* How to complete this task
Skip the pictures and retype exactly the lines from the one holding "Belgium: CFWIJ Is" through the end of the entries.

** Opening Extracted records block **

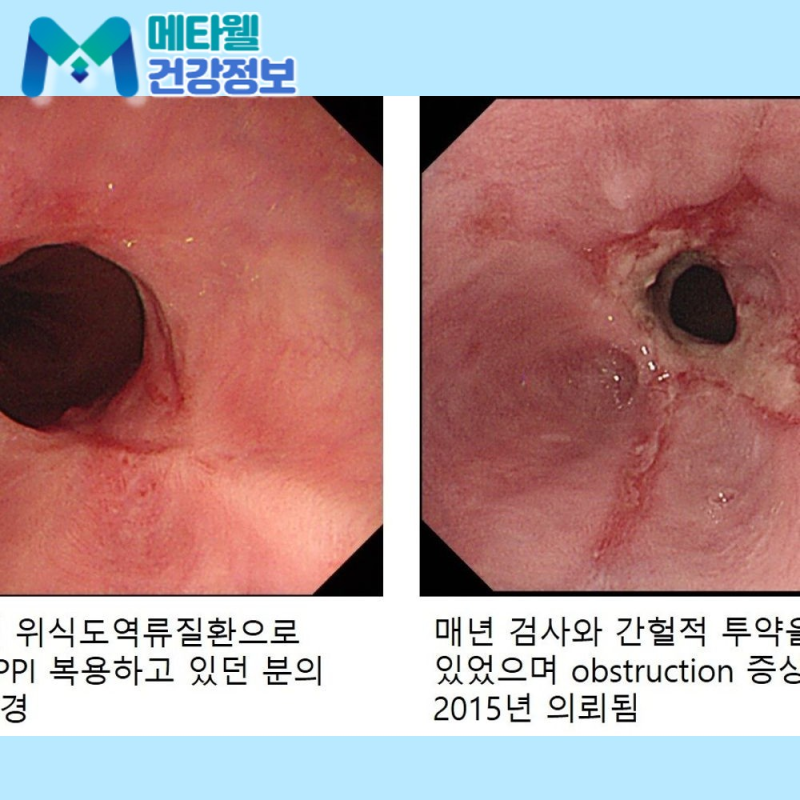 식도암 초기증상을 놓치면 말기가 됩니다, 원인과 치료까지 한번에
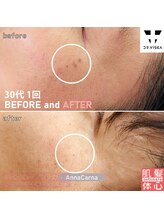 アンナカルナ(AnnaCarna)/真皮層を傷つけないプラズマ美容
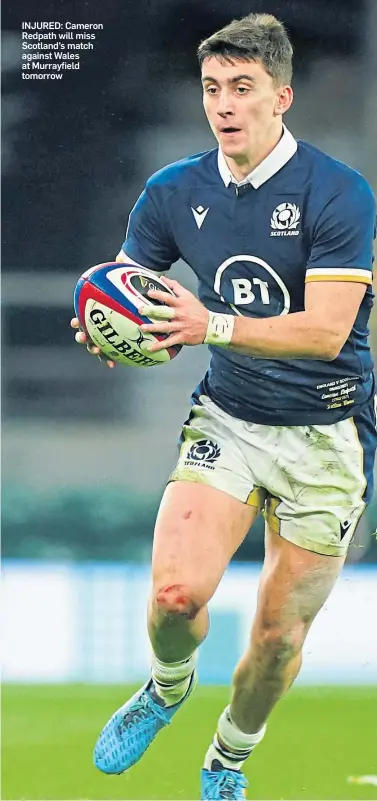  ??  ?? INJURED: Cameron Redpath will miss Scotland’s match against Wales at Murrayfiel­d tomorrow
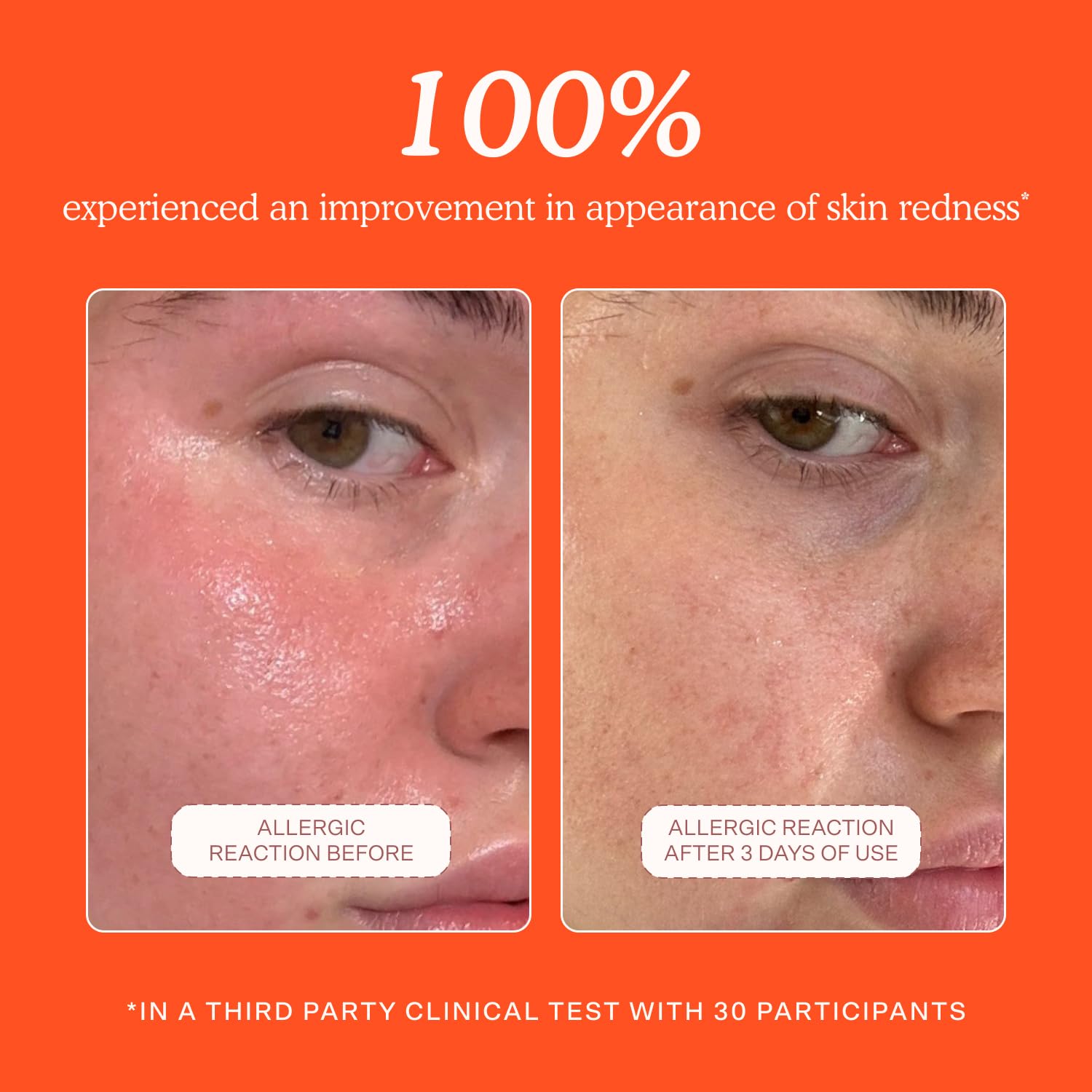 Tower_28_SOS_Daily_Rescue_Facial_Spray_-_Hypochlorous_Acid_Spray_to_Help_Reduce_Redness,_Calm_Irritation_+_Alleviate_Flare-Ups_-_Soothing_+_Purifying_Face_Toner_-_Everyday_Skin_Care_Essential_(4_oz)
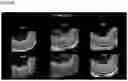 Fig. 04 - OPTIMIZED GENE THERAPY TARGETING RETINAL CELLS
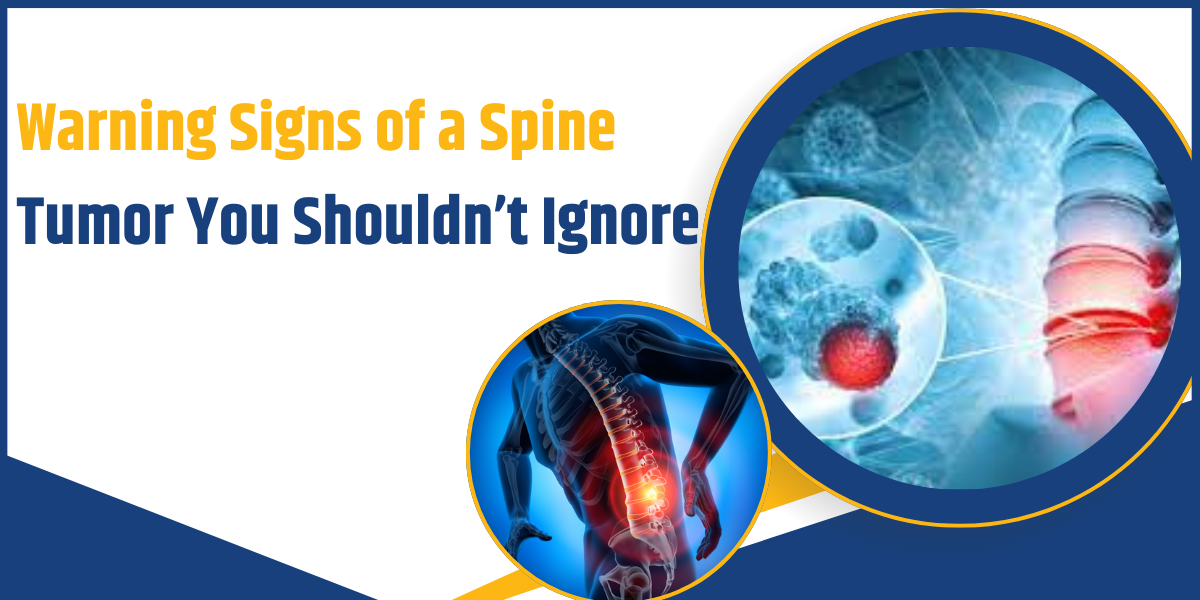 Warning Signs of a Spine Tumor You Shouldn’t Ignore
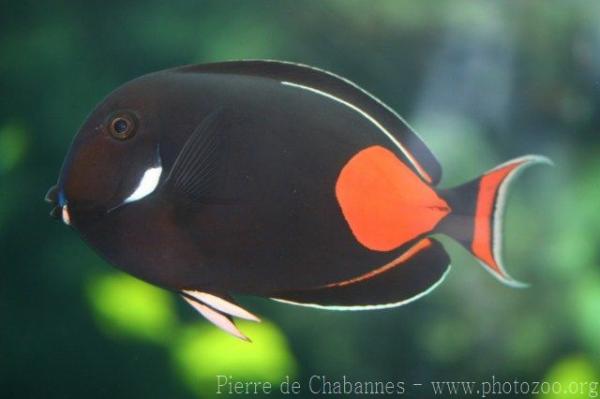 Achilles tang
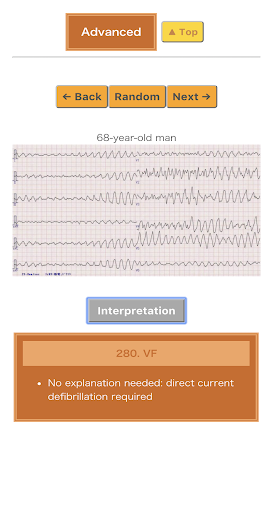 Pocket ECG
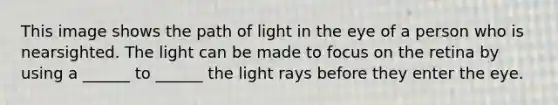 This image shows the path of light in the eye of a person who is nearsighted. The light can be made to focus on the retina by using a ______ to ______ the light rays before they enter the eye.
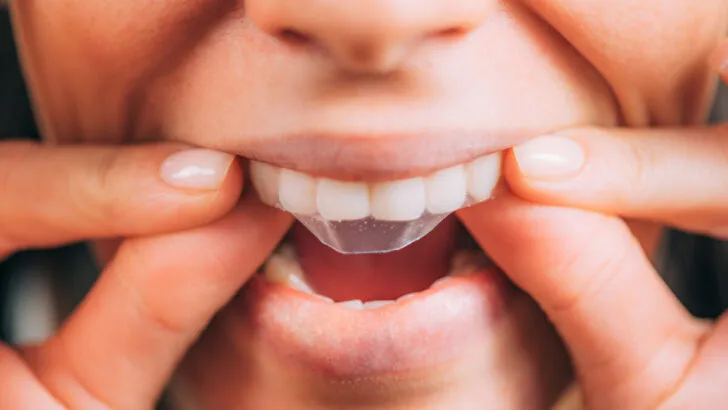 32203 whitening strips application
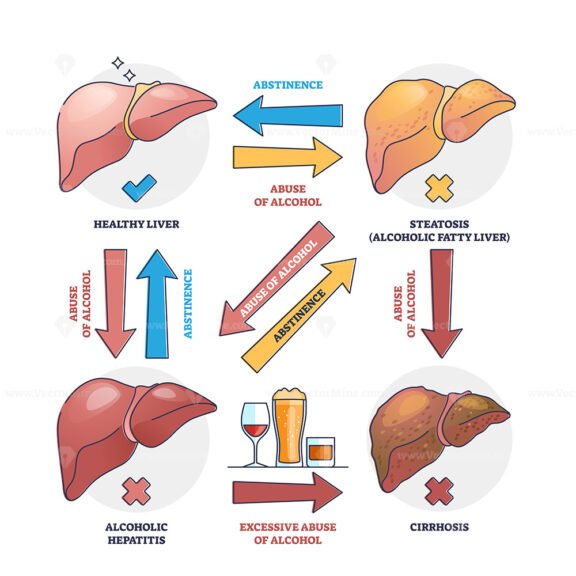 Alcoholic liver disease from excessive abuse of alcohol outline diagram
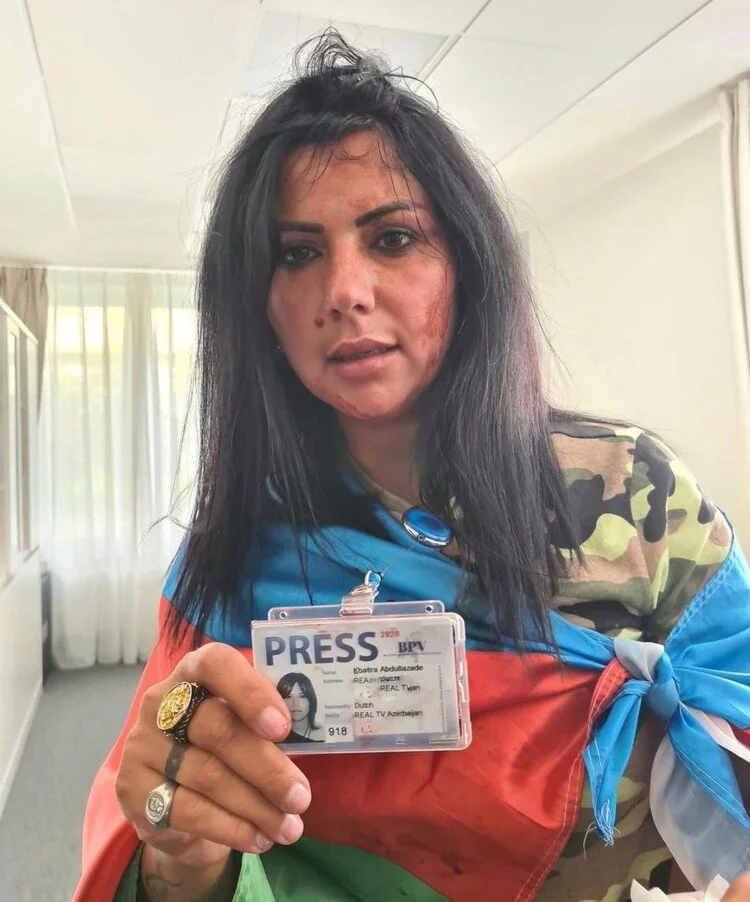 Belgium: CFWIJ Is Concerned For Khatira Sardargizi As She Faces Horrific Assault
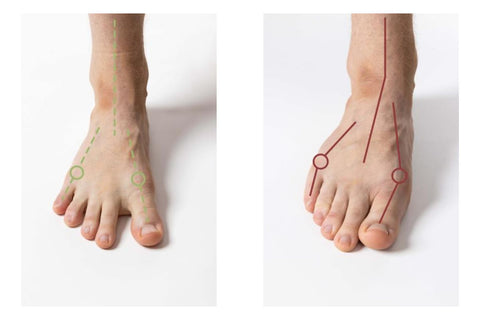 Centered foot with the ankle in an ideal position vs. everted ankles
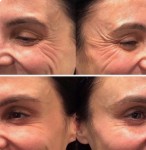 Ботокс -4 зони -40% Врач-косметолог Натали Киев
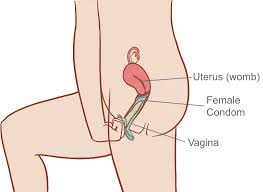 Female Condom Family Planning Victoria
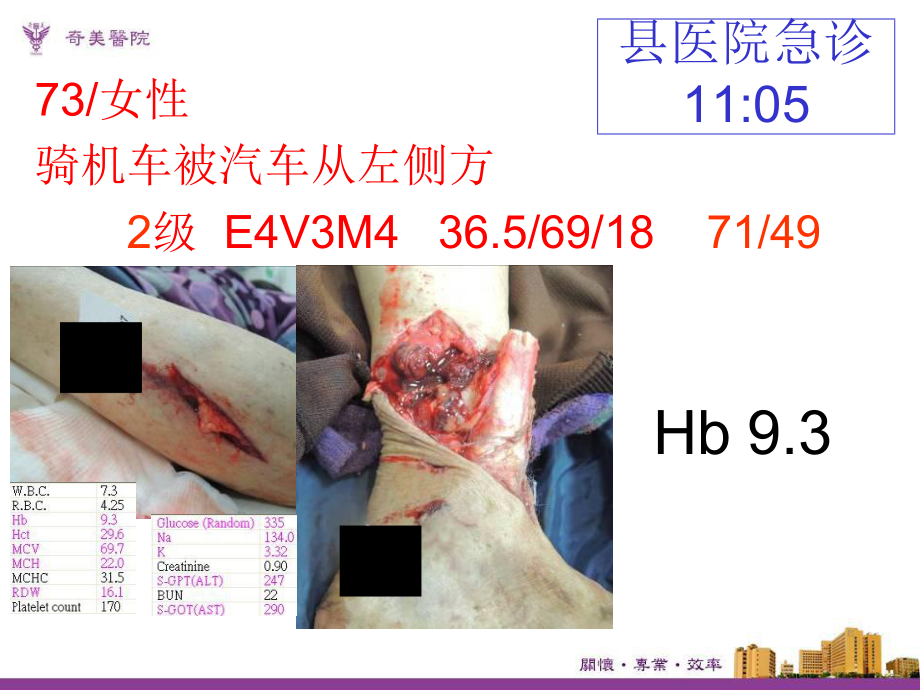 智慧医院案例-跨院际团队协作团队形塑未来式急重症医疗-软体流程与硬体建设课件.pptx_第2页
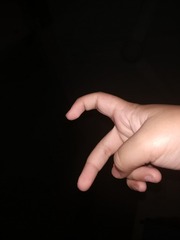 662395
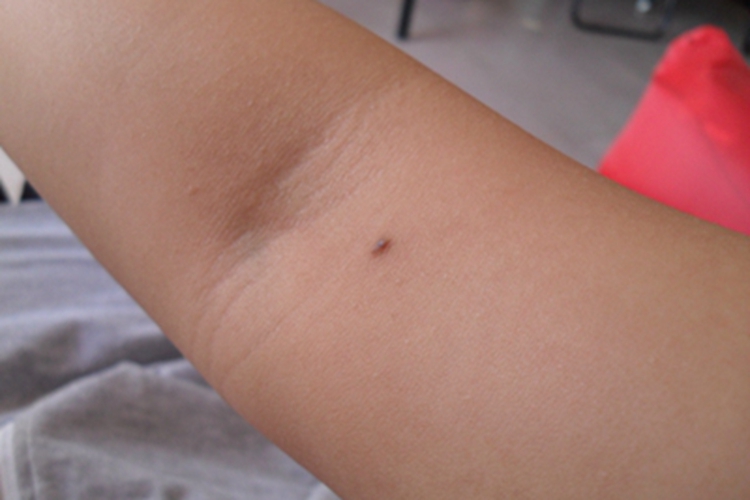 黑素细胞痣肘部症状图 黑素细胞痣肘部症状图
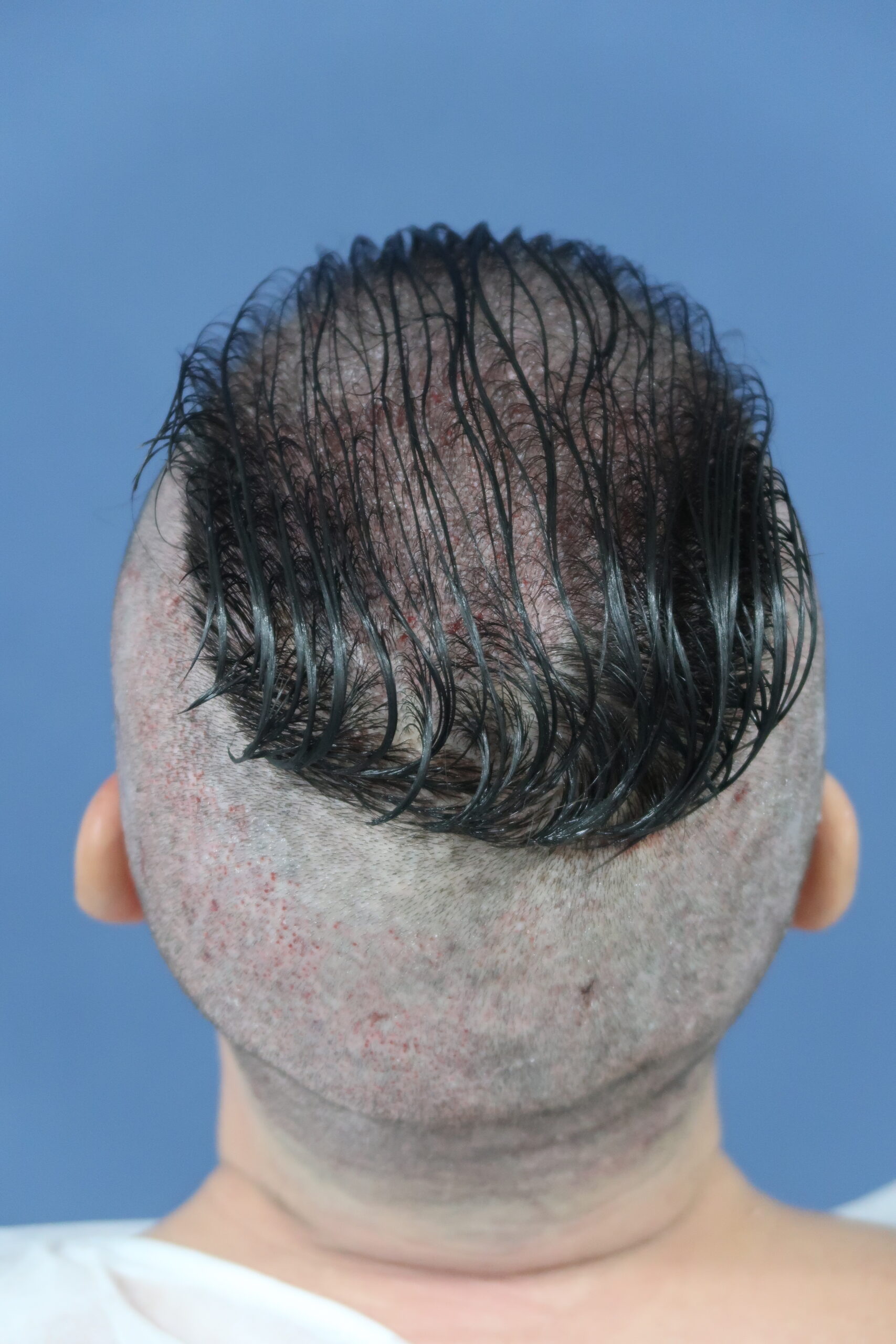 No-Shave FUE, 5000 grafts, photo 11 of 26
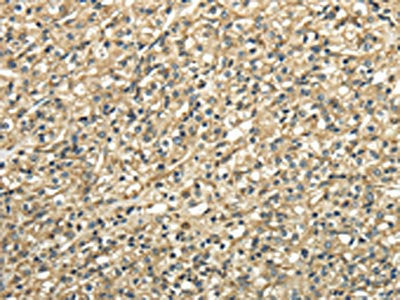 The image on the left is immunohistochemistry of paraffin-embedded Human prostate cancer tissue using CSB-PA067976(TUBA1C Antibody) at dilution 1/25, on the right is treated with fusion protein. (Original magnification: ×200)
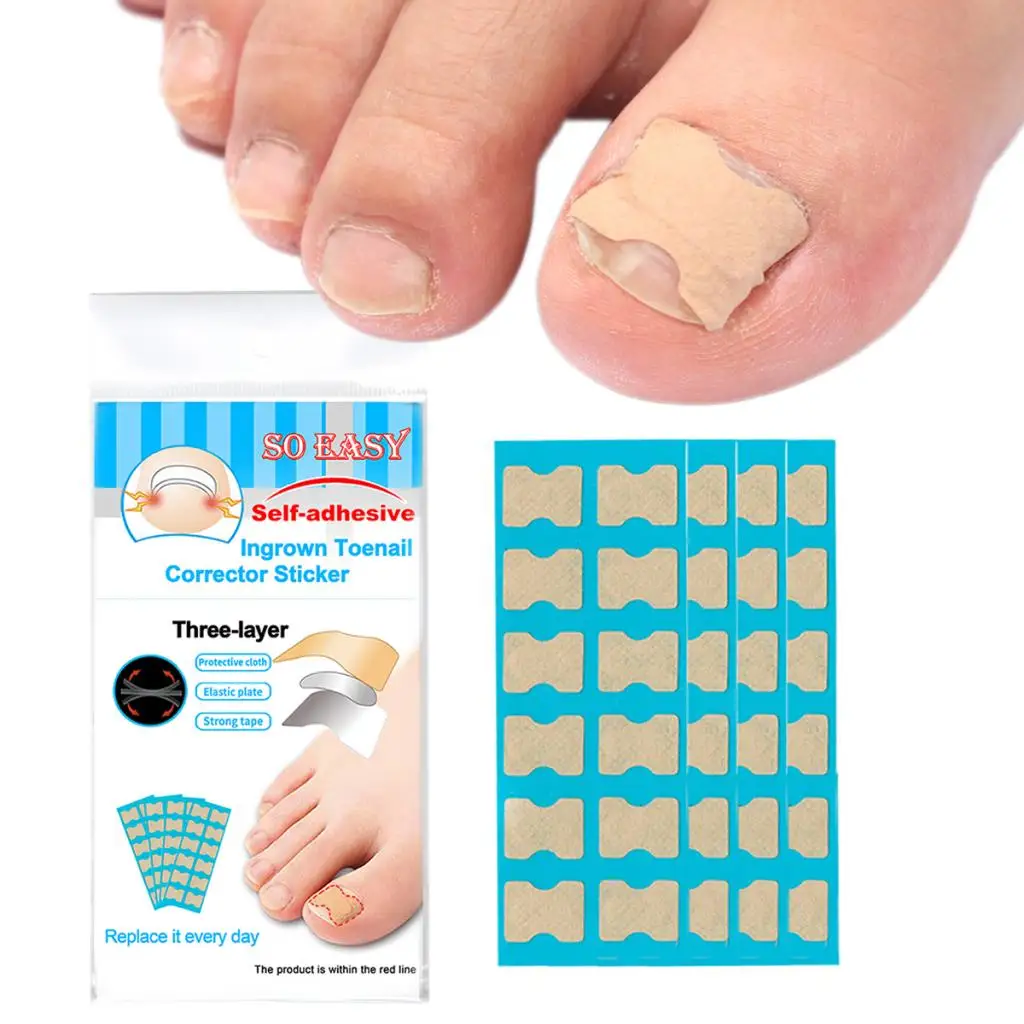 Ingrown Toenail Corrector Sticker Toe Nail Treatment Pedicure Foot Care Stickers Pedicure Tool Toenail Patch Glue Free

** Closing Extracted records block **

* Answer
 Belgium: CFWIJ Is Concerned For Khatira Sardargizi As She Faces Horrific Assault
 Centered foot with the ankle in an ideal position vs. everted ankles
 Ботокс -4 зони -40% Врач-косметолог Натали Киев
 Female Condom Family Planning Victoria
 智慧医院案例-跨院际团队协作团队形塑未来式急重症医疗-软体流程与硬体建设课件.pptx_第2页
 662395
 黑素细胞痣肘部症状图 黑素细胞痣肘部症状图
 No-Shave FUE, 5000 grafts, photo 11 of 26
 The image on the left is immunohistochemistry of paraffin-embedded Human prostate cancer tissue using CSB-PA067976(TUBA1C Antibody) at dilution 1/25, on the right is treated with fusion protein. (Original magnification: ×200)
 Ingrown Toenail Corrector Sticker Toe Nail Treatment Pedicure Foot Care Stickers Pedicure Tool Toenail Patch Glue Free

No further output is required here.